**Data records:**
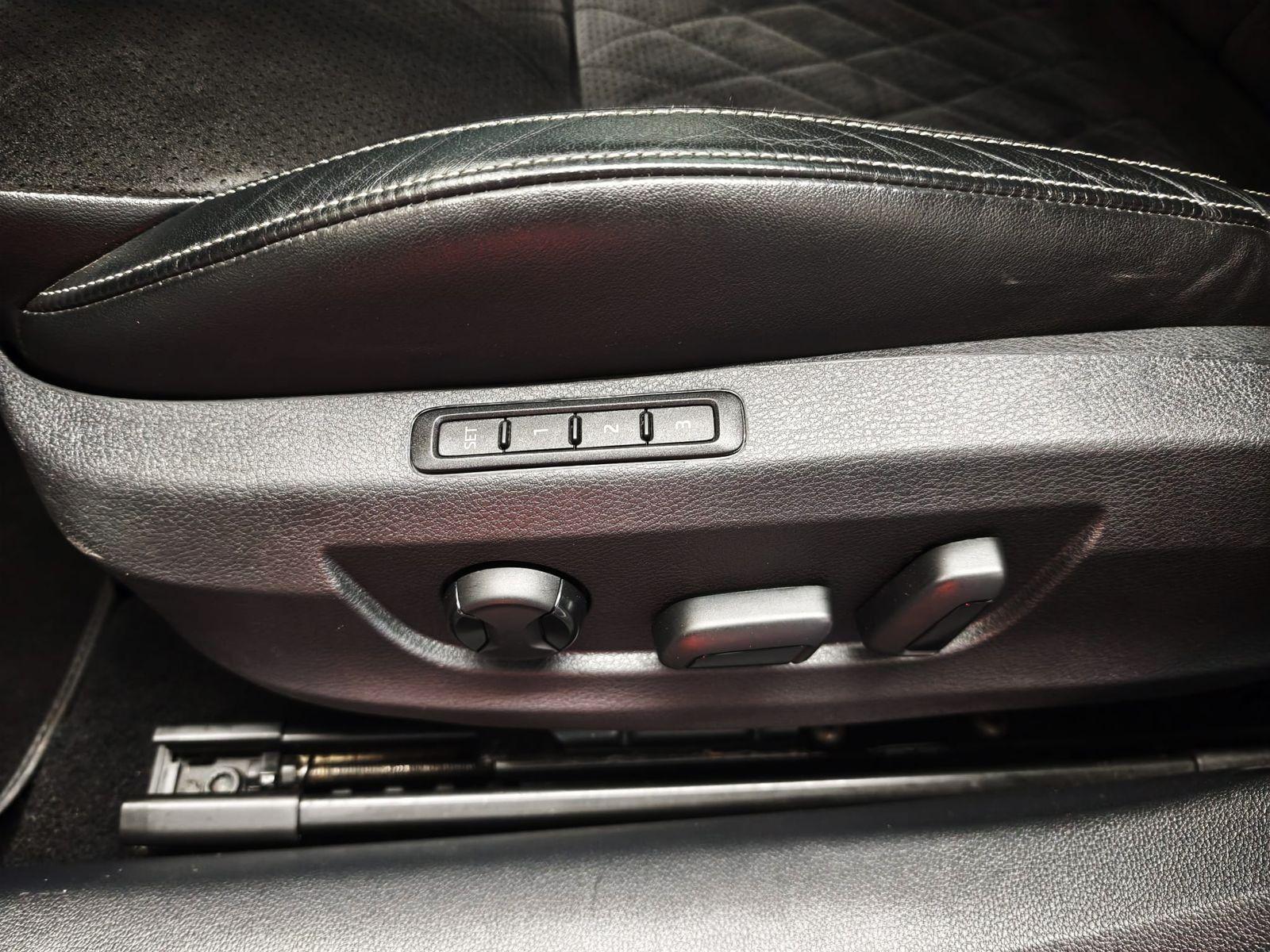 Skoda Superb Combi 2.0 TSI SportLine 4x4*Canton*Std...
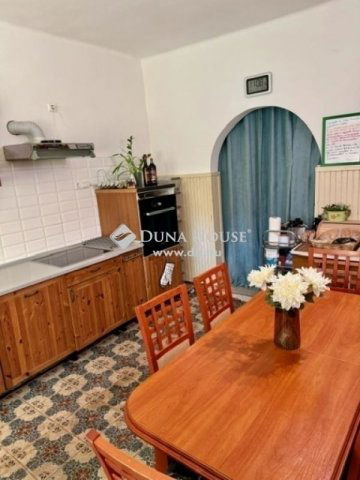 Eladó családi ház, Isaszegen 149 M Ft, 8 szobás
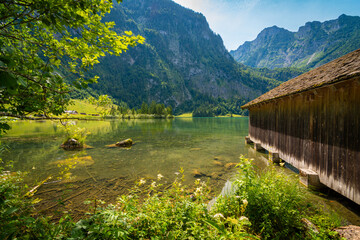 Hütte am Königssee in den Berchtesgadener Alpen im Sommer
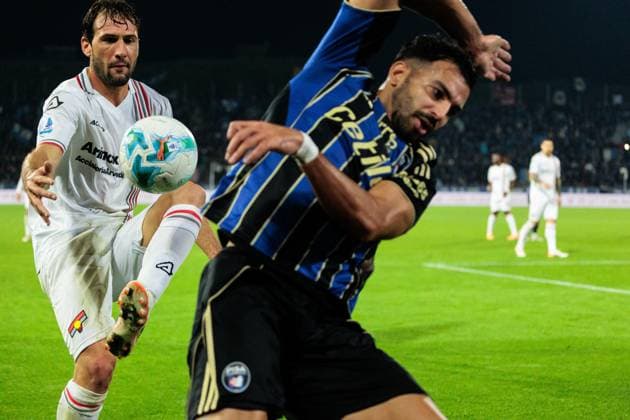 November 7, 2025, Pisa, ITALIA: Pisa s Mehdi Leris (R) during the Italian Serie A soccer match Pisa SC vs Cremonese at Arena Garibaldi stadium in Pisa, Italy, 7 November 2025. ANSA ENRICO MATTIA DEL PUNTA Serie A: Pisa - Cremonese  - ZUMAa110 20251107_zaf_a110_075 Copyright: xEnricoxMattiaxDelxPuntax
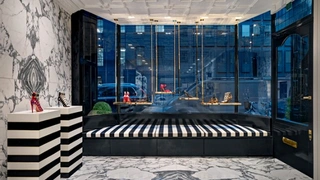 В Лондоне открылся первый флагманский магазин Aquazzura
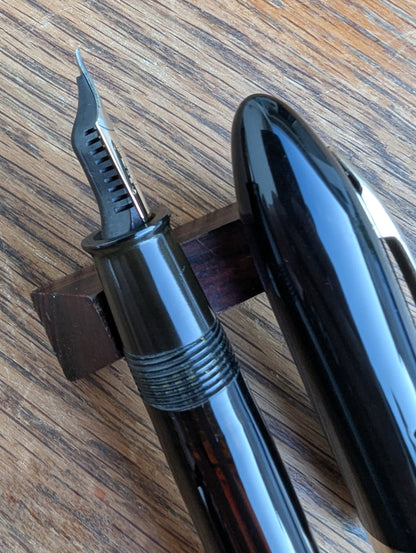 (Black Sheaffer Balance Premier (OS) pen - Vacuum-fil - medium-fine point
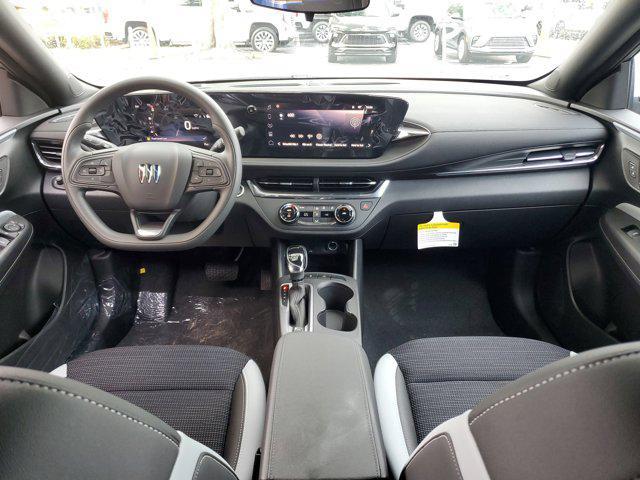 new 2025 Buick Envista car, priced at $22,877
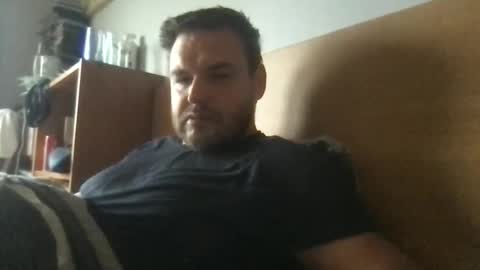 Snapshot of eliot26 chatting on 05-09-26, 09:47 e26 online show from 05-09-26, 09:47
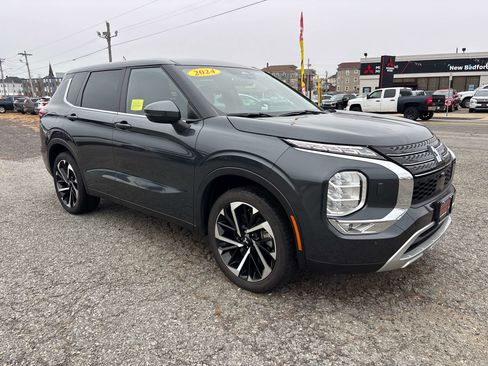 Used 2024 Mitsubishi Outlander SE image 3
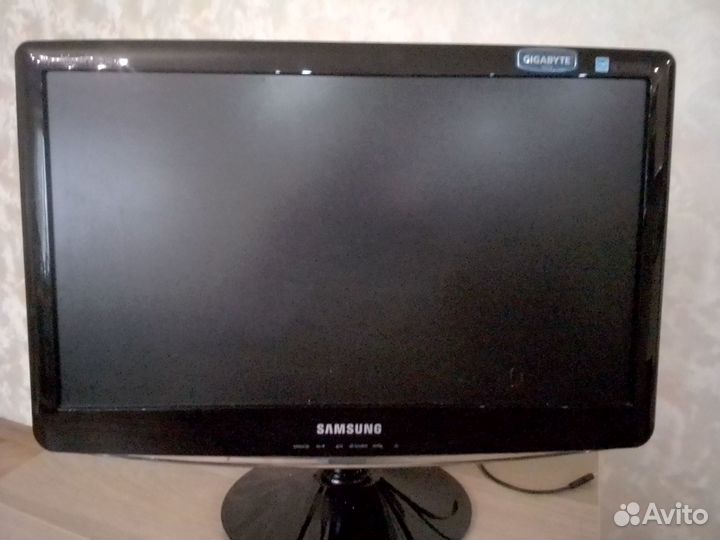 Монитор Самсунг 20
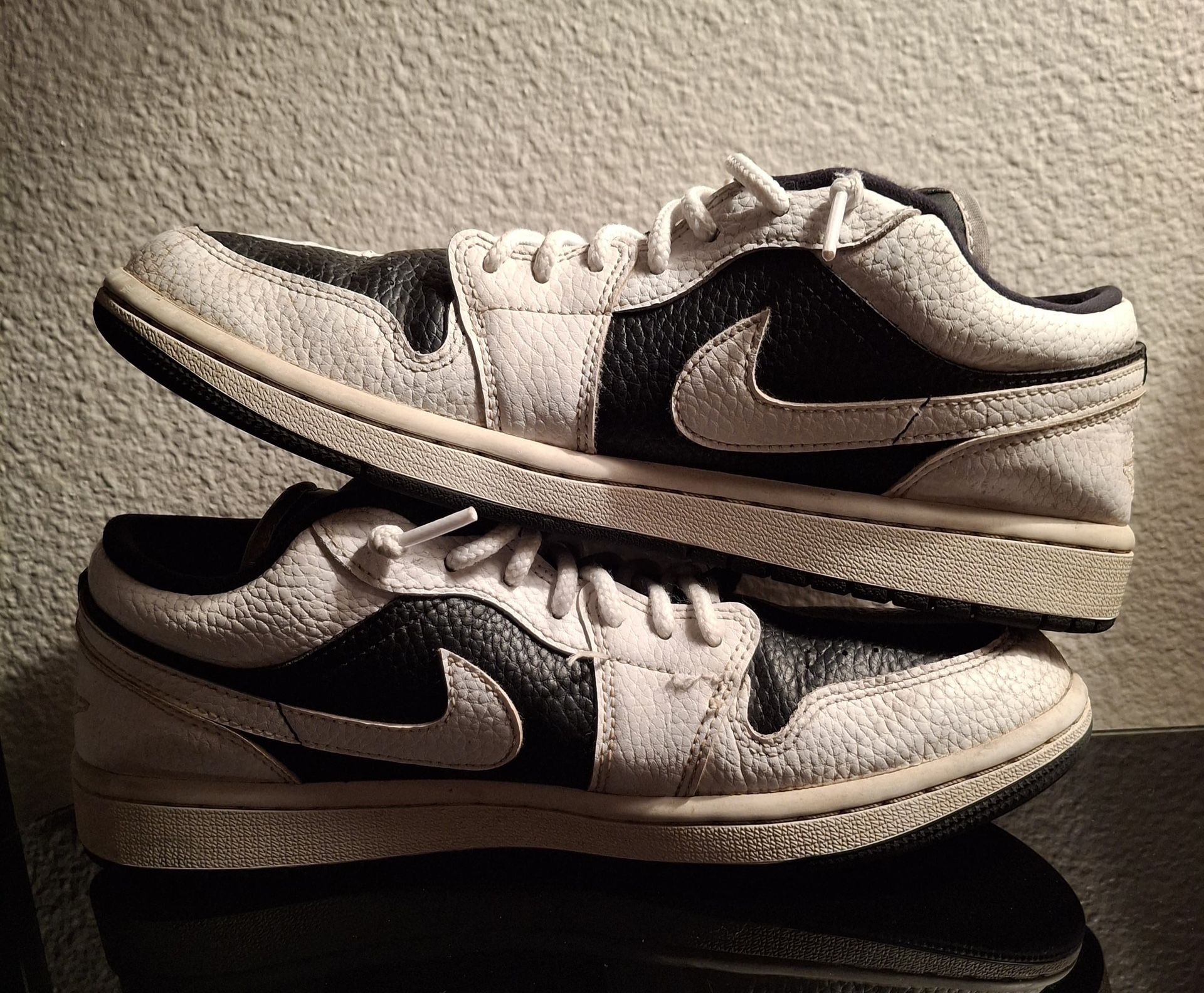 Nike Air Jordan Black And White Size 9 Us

**Task directions:** Only the records, copied exactly and free of pictures, belong in the answer.

**The answer:**
 Skoda Superb Combi 2.0 TSI SportLine 4x4*Canton*Std...
 Eladó családi ház, Isaszegen 149 M Ft, 8 szobás
 Hütte am Königssee in den Berchtesgadener Alpen im Sommer
 November 7, 2025, Pisa, ITALIA: Pisa s Mehdi Leris (R) during the Italian Serie A soccer match Pisa SC vs Cremonese at Arena Garibaldi stadium in Pisa, Italy, 7 November 2025. ANSA ENRICO MATTIA DEL PUNTA Serie A: Pisa - Cremonese  - ZUMAa110 20251107_zaf_a110_075 Copyright: xEnricoxMattiaxDelxPuntax
 В Лондоне открылся первый флагманский магазин Aquazzura
 (Black Sheaffer Balance Premier (OS) pen - Vacuum-fil - medium-fine point
 new 2025 Buick Envista car, priced at $22,877
 Snapshot of eliot26 chatting on 05-09-26, 09:47 e26 online show from 05-09-26, 09:47
 Used 2024 Mitsubishi Outlander SE image 3
 Монитор Самсунг 20
 Nike Air Jordan Black And White Size 9 Us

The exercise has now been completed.